One would like to think that this would be a no-brainer, because the Christian understanding of marriage is clear, but the courts have shown recently that they will look for any opportunity to rule against the churches on this point.

A few years ago, the Victorian Supreme Court ruled that an organisation named Christian Youth Camps that was established by the Christian Brethren, required to operate in accordance with the fundamental beliefs and doctrines of the Christian Brethren and aimed at communicating the Christian faith by creating an “obviously Christian” atmosphere could not refuse a booking to a camp for gay teens. In the judgment, the court accepted the reasoning of an earlier tribunal decision that: “the absence of any reference to marriage, sexual relationships or homosexuality in the creeds or declarations of faith which Christians including the Christian Brethren are asked to affirm as a fundamental article of their faith demonstrates the Christian Brethren beliefs about marriage, sexual relationships or homosexuality are not fundamental doctrines of that religion.”

What this is basically saying is that unless we refer to marriage, sexual relationships or homosexuality in the creed, then we cannot claim it as a fundamental doctrine.

And what we have here are the courts trying to determine for religious bodies what are, and are not, fundamental items of their faith.

As I said last week, this is scary stuff. But the problem is not just coming from outside the Church.

The Church’s position is obviously not helped by dissident groups arguing (and even dissident clergy preaching) something other than the true meaning of marriage.

A court could point to a lay group, priest or Bishop advocating for the Church’s blessing of same-sex marriages, or even declaring that a Catholic in good conscience could have voted ‘yes’ in last year’s postal vote, as evidence that marriage between a man and a woman is not fundamental to the Church’s teaching.

It’s because of the challenges to the Church’s position on marriage coming from both inside and outside the Church that the Anglican Synod felt the need to make clear its teaching on marriage, and to formally define it as doctrine. They went on to say that church property must not be used for purposes which contravene the doctrines, tenets and beliefs of the church.

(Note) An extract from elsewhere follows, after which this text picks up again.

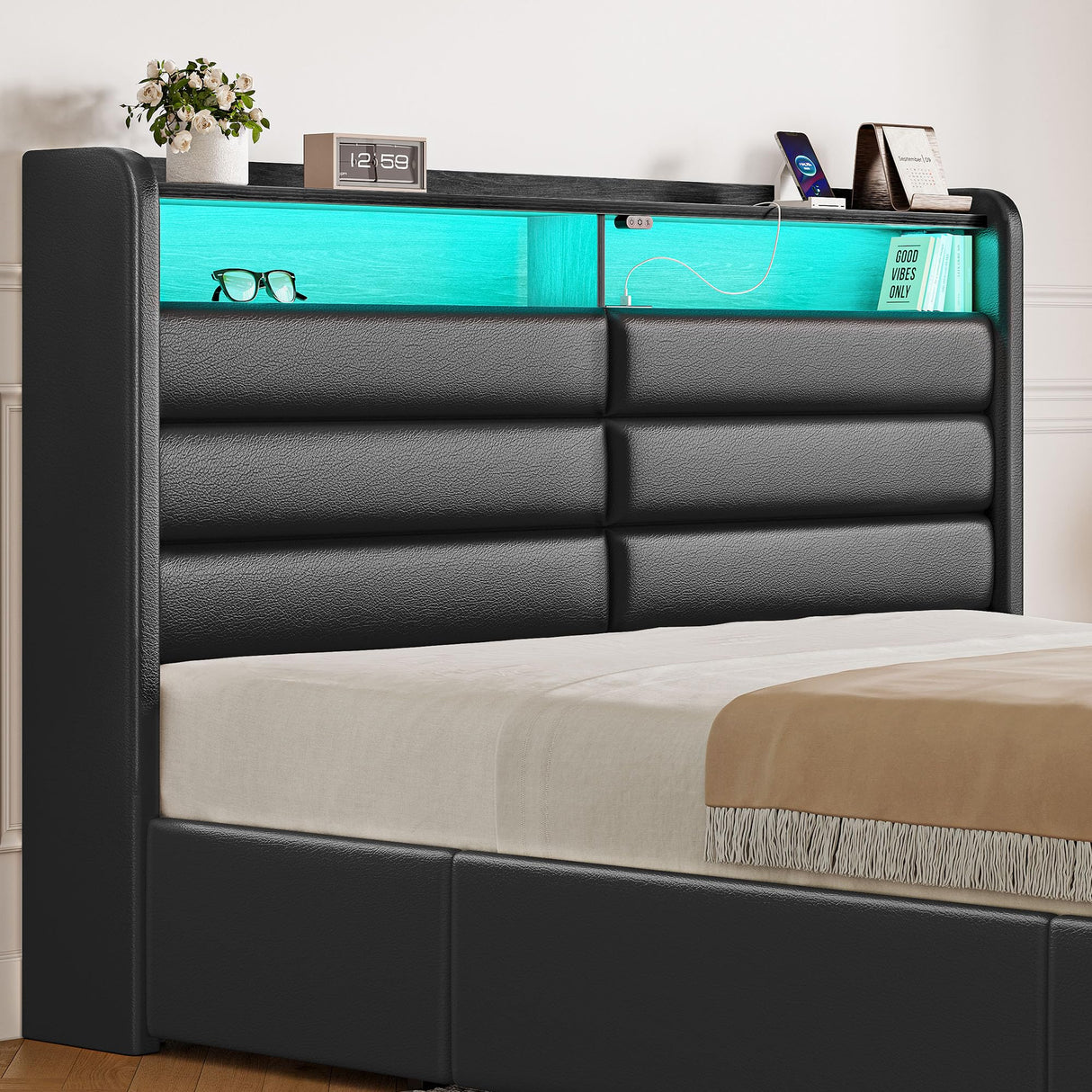 Seventable Queen Size Bed Frame with 4 Storage Drawers & Charging Station, Upholstered Platform Bed with Storage Headboard and LED Light, No Box Spring Needed, Noise Free, Easy Assembly, Black Seventable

The restrictions aren’t limited to marriage. The Synod took the time to formally require that church property cannot be used for the promotion of non-Christian religions, for spiritual practices such as yoga, for the performance or advocacy of abortion or euthanasia, for activities that incite racial hatred or discrimination against the disabled, for the advocacy of gender ideology and more.

At a time when religious hospitals are under pressure to offer abortions, and where faith-based nursing homes overseas are being fined for not allowing euthanasia on their premises, these are important inclusions.

It is not a sad indictment on the Anglican church that its Synod had to formally define these matters.

Rather, it is a sad indictment on our current state of affairs that those within and outside the Anglican church no longer take it for granted that a Christian religion upholds the sanctity of life from conception to natural death, nor the fundamental nature of marriage between a man and a woman as key doctrines of their faith.